Green takes the traditional Christian position that animals have no rights (page 272). He argues against cruelty to them on the grounds that God cares for them and cannot be indifferent to their suffering. He says that our own character is degraded by cruelty and it makes us worse. He says that we harm our neighbour by hurting animals because it corrupts him if he does not care and shocks him if he does. He takes the position then that the duty to care for animals has nothing to do with them having any rights. I’m sure Green wouldn’t believe that babies at a very early stage of development in the womb which are lower in consciousness than grown animals have no rights! He would oppose abortion.

Green believes that sometimes there is no right thing to do like when a woman cheats on her husband and repents she has to hide it from him though he has a right to know and does it for his sake and hers (page 159). Her hiding it is bad and so is her not hiding it so she cannot win.

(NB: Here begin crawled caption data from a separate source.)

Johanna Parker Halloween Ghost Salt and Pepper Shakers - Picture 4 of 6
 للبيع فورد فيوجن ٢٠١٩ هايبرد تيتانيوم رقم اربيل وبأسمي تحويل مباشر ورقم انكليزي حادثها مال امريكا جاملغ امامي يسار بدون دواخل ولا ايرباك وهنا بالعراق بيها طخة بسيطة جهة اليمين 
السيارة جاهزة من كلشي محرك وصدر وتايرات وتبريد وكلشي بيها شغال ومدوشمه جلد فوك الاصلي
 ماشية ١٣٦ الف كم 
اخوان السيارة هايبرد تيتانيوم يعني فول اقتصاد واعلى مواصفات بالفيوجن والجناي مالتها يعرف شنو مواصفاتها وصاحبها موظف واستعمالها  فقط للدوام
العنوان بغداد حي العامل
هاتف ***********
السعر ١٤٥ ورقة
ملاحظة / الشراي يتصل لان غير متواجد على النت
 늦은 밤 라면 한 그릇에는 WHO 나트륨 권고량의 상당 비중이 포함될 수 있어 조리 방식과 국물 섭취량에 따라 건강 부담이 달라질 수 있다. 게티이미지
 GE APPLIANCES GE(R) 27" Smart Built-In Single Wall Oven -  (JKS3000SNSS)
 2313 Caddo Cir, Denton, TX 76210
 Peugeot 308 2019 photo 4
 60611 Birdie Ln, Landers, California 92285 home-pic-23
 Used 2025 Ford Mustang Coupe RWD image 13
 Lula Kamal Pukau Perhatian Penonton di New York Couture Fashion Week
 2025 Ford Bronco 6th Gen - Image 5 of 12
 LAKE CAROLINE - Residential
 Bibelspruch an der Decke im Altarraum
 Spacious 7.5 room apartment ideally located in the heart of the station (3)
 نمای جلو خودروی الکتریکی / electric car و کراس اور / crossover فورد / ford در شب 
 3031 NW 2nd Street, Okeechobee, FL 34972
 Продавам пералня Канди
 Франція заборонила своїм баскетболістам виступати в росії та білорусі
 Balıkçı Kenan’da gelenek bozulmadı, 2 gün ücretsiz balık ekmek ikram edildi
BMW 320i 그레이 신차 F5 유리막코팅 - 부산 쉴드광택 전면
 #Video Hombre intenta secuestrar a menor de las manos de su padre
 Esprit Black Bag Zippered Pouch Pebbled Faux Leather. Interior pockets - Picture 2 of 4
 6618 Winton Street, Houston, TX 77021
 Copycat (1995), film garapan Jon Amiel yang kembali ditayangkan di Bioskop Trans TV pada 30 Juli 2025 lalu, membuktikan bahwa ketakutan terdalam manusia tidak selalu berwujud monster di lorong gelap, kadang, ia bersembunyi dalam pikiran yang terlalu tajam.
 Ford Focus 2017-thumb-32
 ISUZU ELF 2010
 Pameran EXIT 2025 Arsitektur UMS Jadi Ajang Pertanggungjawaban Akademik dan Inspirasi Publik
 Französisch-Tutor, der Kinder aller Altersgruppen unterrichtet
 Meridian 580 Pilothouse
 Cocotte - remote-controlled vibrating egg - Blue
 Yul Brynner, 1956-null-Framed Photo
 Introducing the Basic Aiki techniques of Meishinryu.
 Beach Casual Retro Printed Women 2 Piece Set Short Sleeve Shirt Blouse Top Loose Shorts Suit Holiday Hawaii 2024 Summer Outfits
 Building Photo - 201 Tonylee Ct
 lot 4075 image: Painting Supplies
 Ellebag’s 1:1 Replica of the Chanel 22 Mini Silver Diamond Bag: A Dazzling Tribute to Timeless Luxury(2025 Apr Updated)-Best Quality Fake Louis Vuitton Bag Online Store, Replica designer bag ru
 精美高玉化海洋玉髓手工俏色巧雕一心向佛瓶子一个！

I totally object to his claim that for a married couple to use birth control to avoid the pains and troubles of rearing children is immoral for it is selfish (page 233). He however rejects the view that birth control is always wrong. He thinks that to forbid birth control always may be as silly as saying that a girl eating a chocolate between meals is unnatural sin for she does not need it for her nourishment. So sex just for fun cannot be wrong when undertaken within marriage. But if he is right about it being wrong to selfishly want to avoid children that means that a couple who can have more children but don’t want them are sinning. Also he is restricting the right to marry to the well off for only people who are willing to have and can have as many children as possible should get married. If it is selfish to have sex and to intend no children, what is it to not want a partner in marriage at all?

Green rejects the view that people can morally get divorced just because a partner ends up in jail for life (page 230). He rejects the Roman Catholic doctrine that a marriage is invalid if it takes place in a Register Office (page 212) for all that is necessary is for a man to take his wife to live with him for the rest of his and her life. The Roman Church just wants to break up couples married that way for the hell of it. It forces gay couples to break up and it is trying to legitimise adultery when the marriage was solemnised in a Register Office. The truth about marriage is that it is about having sex with nobody else until death they do part and is not about parting when love ceases. The living together is not even important and it is enough to have sex once. Marriage is not about love but about sex and power which is why thoughtful Humanists do not believe in it. When it is about sex that might not be very good then logically divorce is wrong for divorcing is done for the sake of happiness and marriage treats happiness with indifference. And why should a wife not divorce her jailbird husband if she is allowed to divorce him for a once-off act of adultery that should not have bothered her excessively?  

He says that anger should never be allowed to become an emotion but allows intellectual anger which is seeing that something should not be (page 192). Emotional anger would then be an act of hate for it is totally unnecessary and dangerous.

He lists the reasons for punishment which are retribution, to prevent injury to the innocent, to deter others from doing wrong, and to reform the criminal (pages 256-259). It seems to me that if Christians really love their enemies the main reason for punishment will be to help the criminal to reform. Funny how the Church teaches that the law of the land has to be upheld by punishing to be a law and still it allows you to not turn yourself in if you commit a murder. Well it is funny if you consider hypocrisy funny!

He sees the deterrence element in punishment as something the criminal can do for society to undo some of the damage (page 259). Is this interest in society compatible with Humanist individualism? Yes for the criminal needs to be part of society to practice this individualism. He is condemned by the law he himself wants and upholds. Anyway, it is not Christian to expect anything from other people. The prophet, St Paul stated that it is better to give than to receive.